The housing market had a surprisingly difficult first quarter that caught everyone in the media flat-footed … but real estate insiders sure weren’t fooled.
While bad weather in the northern states certainly was a factor behind several reports of declining sales or prices, it became the all-too-convenient industry excuse du jour for almost everything that went wrong.
And a lot went wrong in real estate. For instance…
- The first quarter saw the NAHB/Wells Fargo Builder Confidence Index — a reliable measure of how the homebuilder industry feels about its immediate and future sales potential — suffer its worst monthly decline in history, as its monthly reading dropped from 56 to 46. Any reading below 50 is historically negative.
- The very next day, the gloomy NAHB outlook was confirmed by a building starts report that declined a whopping 16% from the previous month.
- Pending home sales (i.e. homes under contract that have yet to close) were up 0.1% from December to January, according to the National Association of Realtors (NAR). But this still was a huge 9% below the January 2013 report.
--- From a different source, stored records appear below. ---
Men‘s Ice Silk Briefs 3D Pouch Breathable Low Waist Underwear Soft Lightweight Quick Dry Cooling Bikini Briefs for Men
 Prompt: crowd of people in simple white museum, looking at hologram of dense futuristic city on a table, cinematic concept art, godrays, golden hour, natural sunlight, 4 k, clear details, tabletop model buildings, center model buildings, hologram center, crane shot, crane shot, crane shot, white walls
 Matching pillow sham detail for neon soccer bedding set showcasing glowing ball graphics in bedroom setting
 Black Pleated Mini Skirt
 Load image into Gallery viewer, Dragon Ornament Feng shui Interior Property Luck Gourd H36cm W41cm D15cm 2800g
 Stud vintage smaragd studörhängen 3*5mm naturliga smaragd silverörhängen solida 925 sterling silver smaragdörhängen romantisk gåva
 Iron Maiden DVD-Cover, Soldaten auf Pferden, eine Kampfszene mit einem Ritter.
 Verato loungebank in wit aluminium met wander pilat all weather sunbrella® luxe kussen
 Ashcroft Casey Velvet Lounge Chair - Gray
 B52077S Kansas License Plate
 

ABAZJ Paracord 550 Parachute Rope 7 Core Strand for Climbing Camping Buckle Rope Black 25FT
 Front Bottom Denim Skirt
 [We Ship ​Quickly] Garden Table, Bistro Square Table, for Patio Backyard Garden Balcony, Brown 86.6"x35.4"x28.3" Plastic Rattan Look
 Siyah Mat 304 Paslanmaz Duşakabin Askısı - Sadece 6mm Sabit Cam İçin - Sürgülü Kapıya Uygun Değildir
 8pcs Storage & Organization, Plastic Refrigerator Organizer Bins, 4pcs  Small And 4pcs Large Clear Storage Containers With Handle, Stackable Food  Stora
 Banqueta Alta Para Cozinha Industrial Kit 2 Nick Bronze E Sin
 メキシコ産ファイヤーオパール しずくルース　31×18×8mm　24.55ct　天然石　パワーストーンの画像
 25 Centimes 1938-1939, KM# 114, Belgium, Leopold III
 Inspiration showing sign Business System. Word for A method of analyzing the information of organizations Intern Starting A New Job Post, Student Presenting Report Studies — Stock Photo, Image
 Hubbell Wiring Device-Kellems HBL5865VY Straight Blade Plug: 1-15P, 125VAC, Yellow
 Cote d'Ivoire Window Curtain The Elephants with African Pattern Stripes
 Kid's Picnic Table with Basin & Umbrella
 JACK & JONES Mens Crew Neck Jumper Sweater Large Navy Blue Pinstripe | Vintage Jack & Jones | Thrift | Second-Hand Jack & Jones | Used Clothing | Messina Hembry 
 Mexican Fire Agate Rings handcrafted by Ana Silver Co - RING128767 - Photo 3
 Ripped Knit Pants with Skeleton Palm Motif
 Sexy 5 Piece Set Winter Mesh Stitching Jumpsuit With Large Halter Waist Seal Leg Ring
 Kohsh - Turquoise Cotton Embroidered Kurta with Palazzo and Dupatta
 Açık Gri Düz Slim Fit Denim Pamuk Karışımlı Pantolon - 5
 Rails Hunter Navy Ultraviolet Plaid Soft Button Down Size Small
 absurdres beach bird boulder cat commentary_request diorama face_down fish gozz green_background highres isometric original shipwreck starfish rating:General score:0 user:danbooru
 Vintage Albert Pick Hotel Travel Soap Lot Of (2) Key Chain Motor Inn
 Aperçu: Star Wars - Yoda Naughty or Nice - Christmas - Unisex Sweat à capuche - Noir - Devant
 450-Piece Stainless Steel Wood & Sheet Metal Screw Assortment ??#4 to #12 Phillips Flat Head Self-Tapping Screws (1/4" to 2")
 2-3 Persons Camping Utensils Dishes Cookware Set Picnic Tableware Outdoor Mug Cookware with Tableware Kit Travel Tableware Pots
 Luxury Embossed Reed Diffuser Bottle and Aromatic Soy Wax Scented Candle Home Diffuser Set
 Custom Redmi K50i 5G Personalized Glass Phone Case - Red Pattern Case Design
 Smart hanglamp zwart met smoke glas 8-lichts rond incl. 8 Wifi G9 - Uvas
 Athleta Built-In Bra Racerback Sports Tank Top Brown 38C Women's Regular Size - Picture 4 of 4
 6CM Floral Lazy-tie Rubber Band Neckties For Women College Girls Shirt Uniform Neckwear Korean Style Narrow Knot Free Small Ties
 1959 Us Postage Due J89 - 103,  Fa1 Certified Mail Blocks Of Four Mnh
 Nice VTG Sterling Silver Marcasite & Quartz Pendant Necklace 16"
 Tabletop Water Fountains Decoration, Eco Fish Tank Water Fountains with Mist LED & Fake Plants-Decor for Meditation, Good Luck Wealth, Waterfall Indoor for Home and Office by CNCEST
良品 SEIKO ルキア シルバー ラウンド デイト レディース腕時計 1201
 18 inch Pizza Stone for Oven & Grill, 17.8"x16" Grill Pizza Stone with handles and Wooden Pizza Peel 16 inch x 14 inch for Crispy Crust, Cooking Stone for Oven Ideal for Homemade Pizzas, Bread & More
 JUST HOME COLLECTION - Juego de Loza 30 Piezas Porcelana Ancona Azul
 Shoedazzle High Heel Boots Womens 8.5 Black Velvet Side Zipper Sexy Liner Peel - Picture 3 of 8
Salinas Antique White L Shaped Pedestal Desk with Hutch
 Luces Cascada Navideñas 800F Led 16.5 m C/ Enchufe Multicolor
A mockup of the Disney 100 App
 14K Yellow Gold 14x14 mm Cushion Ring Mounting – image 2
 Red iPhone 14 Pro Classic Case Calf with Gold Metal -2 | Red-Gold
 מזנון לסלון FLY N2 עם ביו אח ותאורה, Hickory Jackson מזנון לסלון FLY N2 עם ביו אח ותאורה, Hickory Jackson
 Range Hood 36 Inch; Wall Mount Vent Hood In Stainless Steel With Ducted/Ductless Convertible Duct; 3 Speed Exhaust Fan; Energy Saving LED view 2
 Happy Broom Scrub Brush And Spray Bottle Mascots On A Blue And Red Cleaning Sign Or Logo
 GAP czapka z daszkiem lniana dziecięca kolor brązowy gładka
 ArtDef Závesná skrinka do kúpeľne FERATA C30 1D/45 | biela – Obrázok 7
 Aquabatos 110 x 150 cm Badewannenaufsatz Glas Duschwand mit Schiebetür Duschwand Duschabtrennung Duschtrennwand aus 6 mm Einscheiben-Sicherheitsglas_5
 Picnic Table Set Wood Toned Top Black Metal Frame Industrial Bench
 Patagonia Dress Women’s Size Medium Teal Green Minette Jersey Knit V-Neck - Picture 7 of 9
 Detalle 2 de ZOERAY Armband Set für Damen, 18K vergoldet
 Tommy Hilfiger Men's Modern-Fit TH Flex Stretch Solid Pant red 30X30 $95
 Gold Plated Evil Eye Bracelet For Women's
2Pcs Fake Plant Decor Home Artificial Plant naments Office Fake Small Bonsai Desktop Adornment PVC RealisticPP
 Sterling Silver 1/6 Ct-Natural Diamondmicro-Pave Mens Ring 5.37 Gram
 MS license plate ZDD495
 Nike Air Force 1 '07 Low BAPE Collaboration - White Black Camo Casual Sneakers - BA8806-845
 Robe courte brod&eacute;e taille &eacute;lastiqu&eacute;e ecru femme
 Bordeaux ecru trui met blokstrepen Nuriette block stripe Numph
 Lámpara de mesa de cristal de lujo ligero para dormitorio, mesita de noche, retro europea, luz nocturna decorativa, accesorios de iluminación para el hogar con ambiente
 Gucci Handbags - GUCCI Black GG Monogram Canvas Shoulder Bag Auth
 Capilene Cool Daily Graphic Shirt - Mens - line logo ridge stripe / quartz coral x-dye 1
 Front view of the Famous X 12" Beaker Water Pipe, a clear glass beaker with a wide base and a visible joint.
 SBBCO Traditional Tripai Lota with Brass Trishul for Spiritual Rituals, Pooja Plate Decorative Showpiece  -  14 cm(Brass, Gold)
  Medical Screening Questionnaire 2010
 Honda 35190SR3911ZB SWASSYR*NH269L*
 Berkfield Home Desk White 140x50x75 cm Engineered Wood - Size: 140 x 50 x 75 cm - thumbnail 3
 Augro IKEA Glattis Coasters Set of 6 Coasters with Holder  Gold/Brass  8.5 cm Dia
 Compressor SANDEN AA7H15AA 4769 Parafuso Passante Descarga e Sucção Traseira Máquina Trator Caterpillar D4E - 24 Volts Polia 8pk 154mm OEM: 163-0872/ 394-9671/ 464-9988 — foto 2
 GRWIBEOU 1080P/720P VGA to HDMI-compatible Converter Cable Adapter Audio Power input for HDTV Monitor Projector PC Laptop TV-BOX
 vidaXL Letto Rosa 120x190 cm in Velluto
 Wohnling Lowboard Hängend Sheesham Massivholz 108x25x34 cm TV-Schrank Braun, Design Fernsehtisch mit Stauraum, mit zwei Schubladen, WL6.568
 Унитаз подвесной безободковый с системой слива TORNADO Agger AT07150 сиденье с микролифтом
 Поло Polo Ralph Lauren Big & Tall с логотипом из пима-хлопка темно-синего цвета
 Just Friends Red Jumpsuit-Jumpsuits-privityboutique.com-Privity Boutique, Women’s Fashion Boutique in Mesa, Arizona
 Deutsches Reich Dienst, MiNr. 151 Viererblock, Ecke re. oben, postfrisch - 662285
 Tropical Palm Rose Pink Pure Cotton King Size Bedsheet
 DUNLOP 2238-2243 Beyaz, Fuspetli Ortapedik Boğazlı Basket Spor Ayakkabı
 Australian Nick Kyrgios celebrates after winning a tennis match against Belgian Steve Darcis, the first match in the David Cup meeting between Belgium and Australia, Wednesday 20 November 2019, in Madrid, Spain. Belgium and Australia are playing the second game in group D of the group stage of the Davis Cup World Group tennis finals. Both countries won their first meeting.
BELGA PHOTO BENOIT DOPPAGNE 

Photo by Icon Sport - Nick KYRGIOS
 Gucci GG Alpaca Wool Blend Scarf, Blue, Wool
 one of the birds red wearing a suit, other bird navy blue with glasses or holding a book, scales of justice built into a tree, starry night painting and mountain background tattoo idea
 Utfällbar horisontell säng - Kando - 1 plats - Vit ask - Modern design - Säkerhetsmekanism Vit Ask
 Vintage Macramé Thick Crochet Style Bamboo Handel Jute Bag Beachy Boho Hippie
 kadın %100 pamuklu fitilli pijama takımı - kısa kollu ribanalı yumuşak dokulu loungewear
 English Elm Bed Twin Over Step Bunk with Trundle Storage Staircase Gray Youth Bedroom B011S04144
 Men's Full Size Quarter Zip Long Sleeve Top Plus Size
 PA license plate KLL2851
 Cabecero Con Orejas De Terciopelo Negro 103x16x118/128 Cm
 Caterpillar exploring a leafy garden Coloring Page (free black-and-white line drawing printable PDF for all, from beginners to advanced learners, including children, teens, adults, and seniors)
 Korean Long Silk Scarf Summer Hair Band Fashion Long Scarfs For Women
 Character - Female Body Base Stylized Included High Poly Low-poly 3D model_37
It got worse yesterday, when the NAR reported that its pending home sale index reached its lowest level since October 2011.
- Just this week, the Commerce Department reported that new home sales for February fell 3.3%, from January’s revised 455,000 to 440,000 — the worst action in five months.
- In addition, the Standard & Poor’s/Case-Shiller 20-city home price index released Tuesday declined 0.1% month-over-month for January. While it was 13.2% growth over January 2013, that still marked two consecutive months of slowed annual gains.
Meanwhile, Wells Fargo (WFC) and Bank of America (BAC), two of the largest lenders in the U.S., have recently laid off large numbers of their mortgage department staff.
In other words, this time, they aren’t waiting around for things to get worse.
Will Real Estate Spring Forward?
The feeling in the financial media — and one that is echoed as well by cheerleaders in the real estate industry, such as NAR — is that bad winter weather has merely caused a temporary glitch in the newest real estate bull market. When spring arrives, they fully expect the housing market to explode again.
But will it?
So much of the progress in the housing market over the past few years was triggered by investors snapping up foreclosures, short sales and other distressed properties at 60 cents on the dollar. Many of these homes were resold quickly, or “flipped,” at much higher prices, driving up home values. In addition, other cash buyers have purchased primary residences without appraisals, also sending prices artificially higher.
While these two factors are still ongoing, the percentage of total market sales among cash buyers has begun to slow. Should this continue, it poses a real problem because would be first-time homebuyers in the millennial generation are increasingly unable to purchase homes. Negative factors such as job downsizing, little to no savings, heavy student loan and other debts are impeding this generation from leaving their parents’ homes.
Incredibly, the real estate industry is responding by attempting to lower the minimum credit scores required to gain loan approval. In an effort to pump up the buyer pool, some mortgage companies, such as Carrington Mortgage Services, LLC, are now accepting subprime scores as low as 550. Carrington says that area of the housing market is “underserved,” and that by focusing exclusively on those borrowers, it can do a better job of working with the strongest buyers within that niche. (Carrington no doubt will be charging higher interest rates and perhaps fees to compensate themselves for the risks.)
This is a double-edged sword. Even if sales and prices increase this quarter or even by the end of the year, a return to lower expectations will invariably lead back to more loan defaults, short sales and foreclosures.
And that will, once again, take a bite out of real estate value.
Another important variable for real estate sales and prices are interest rates. As you can see from the accompanying chart of the 30-year mortgage rate, the general trend of interest rates has been higher since 2013. There seems to be a ceiling around 4.75%, but much will depend on how the FED continues their tapering policy over the coming months.
All in all, my outlook for the housing market, as well as real estate-related stocks, remains mildly bearish. I believe there will be an occasional positive report that could boost these stocks in the short-term, but I don’t see compelling numbers of new buyers or a vastly improving job market to propel sales higher over the coming quarter. While the spring figures should trounce those from this past winter, I believe spring sales will fall below their counterparts from a year ago.
Many homebuilder stocks such as Hovanian (HOV), Lennar (LEN), Ryland Homes (RYL) and KB Home (KBH) are looking absolutely dismal right now, and are trading well below their 200-day moving averages with poor relative strength. HOV is 23% below its highs within the past month. KBH is down almost 20%.
But these aren’t bargains. Investors would be wise to find stocks from other sectors that show more immediate promise over the next quarter until the housing market shows greater signs of life.
As of this writing, Ethan Roberts did not hold a position in any of the aforementioned securities.